A few weeks ago the Hip-Hop Chess Federation (HHCF) was invited to teach a 5 day intensive on Chess & Life Strategies. We were invited to be there by the Alameda County Office of Education (ACOE). The classes covered the similarities between chess and life, so the inmates could make better life choices  after their release. I worked in three different units. The main juvenile hall HHCF works with is in St. Louis, MO. So I was excited to work with local kids locked down.


On day 1, none of the kids were sure what I was doing. One in particular sat down and said “What the f*** does chess have to do with Hip-Hop” mean mugging me from the back of the room. He was not feeling me. Dr. Elliot Gann from Today’s Future Sound (who was also teaching the same week as HHCF noticed this same youngster. Dr. Gann is able to teach algebra via drum programming.
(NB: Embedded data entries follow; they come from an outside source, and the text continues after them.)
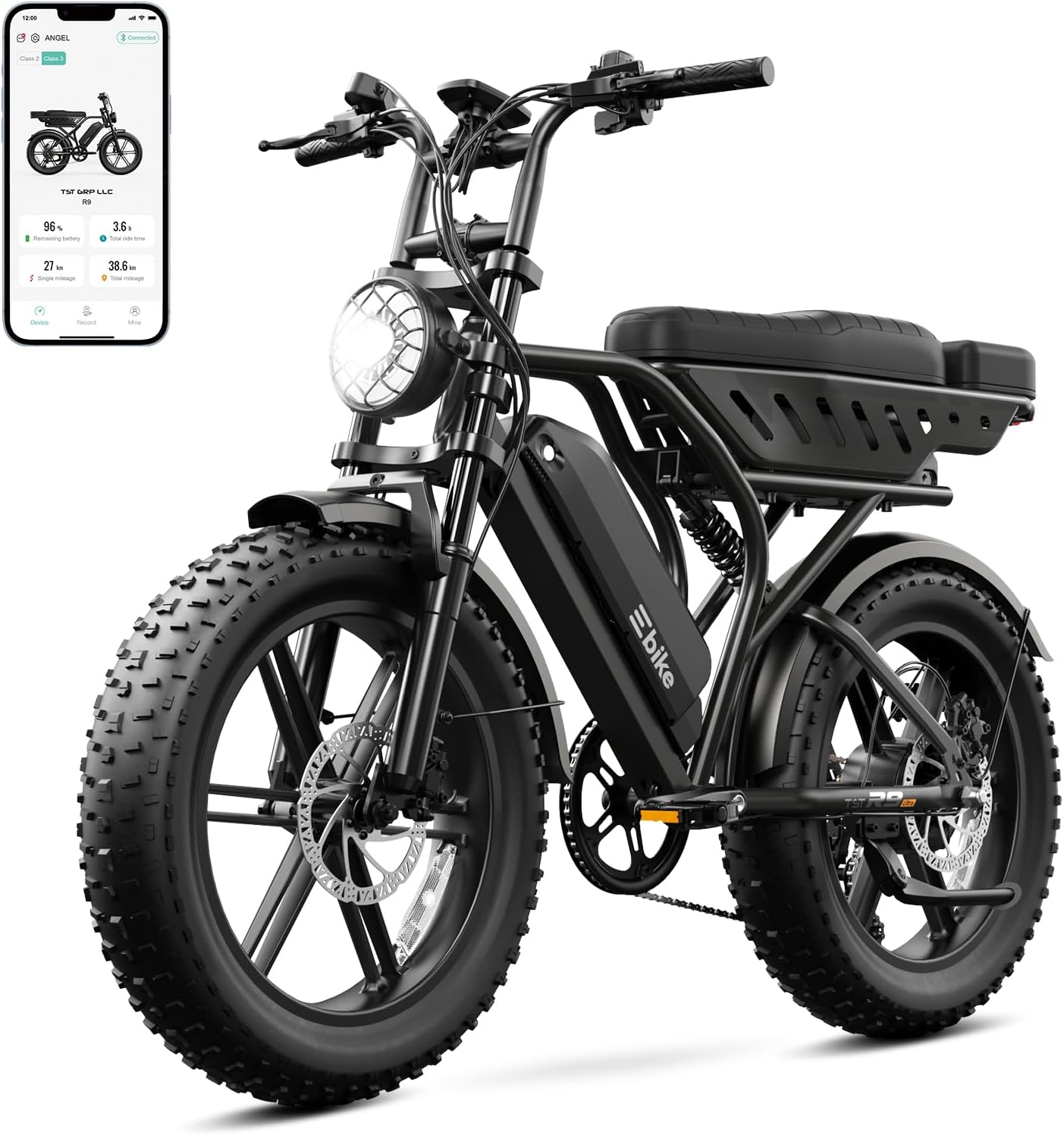 TST Electric Bike for Adults 1500W Peak 20' Fat Tire All-Terrain E-Bike 60/130 Miles Electric Dirt Bike - 48V 15/30 AH Battery Tested to UL 2849 Powered Electric Bicycle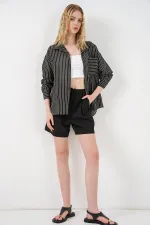 Kadın Tek Cepli Çizgili Oversize Gömlek 20375 - Siyah Kadın Tek Cepli Çizgili Oversize Gömlek 20375 - Siyah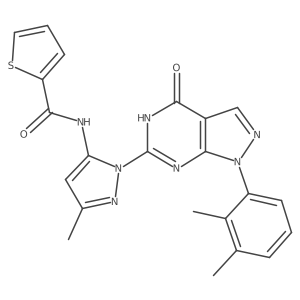 N-(1-(1-(2,3-dimethylphenyl)-4-oxo-4,5-dihydro-1H-pyrazolo[3,4-d]pyrimidin-6-yl)-3-methyl-1H-pyrazol-5-yl)thiophene-2-carboxamide结构式
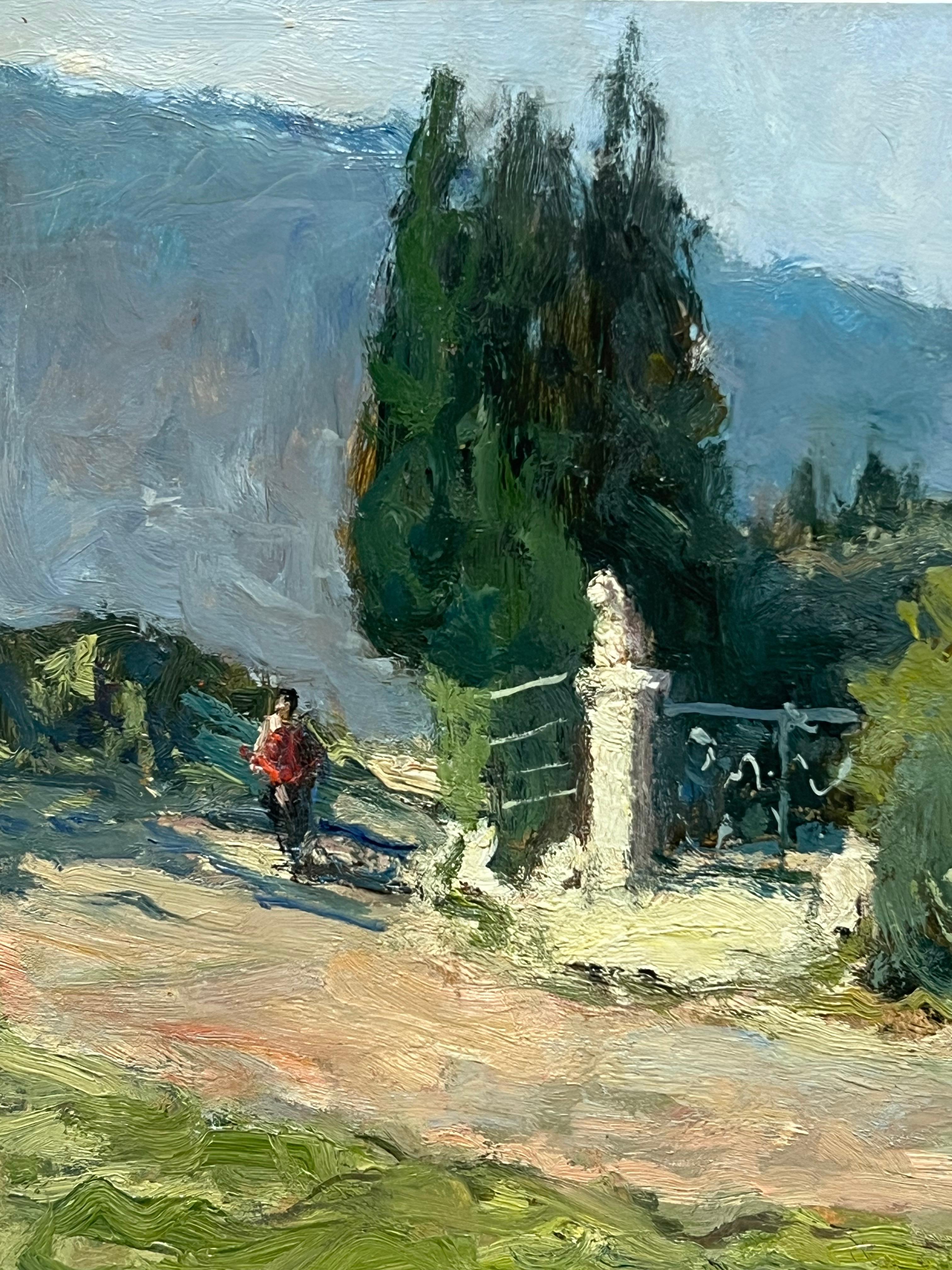 Provencal Landscape
by Claude Marin (French 1914-2001)
signed and dated 83
oil on artist card stuck on board, unframed
board: 7.5 x 9.75 inches
Provenance: private collection, Paris, France
Condition: very good condition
By the end of the program this kid was one of the strongest players and he recorded an amazing rap about chess and life with Dr. Gann.


On day 2, the connections were making more sense to them. We talked more than we played. I don’t think we played at all in one particular unit. There were some deep conversations about the authenticity of everybody’s pain. One kid told me how much he missed his mom. “I hate sleeping here. When I’m at home, I’m at peace. When I’m at peace I don’t dream. When I’m here though, I dream. Every morning I wake up from my dreams, it’s a reminder that I’m not at home. That is when it hurts the most.”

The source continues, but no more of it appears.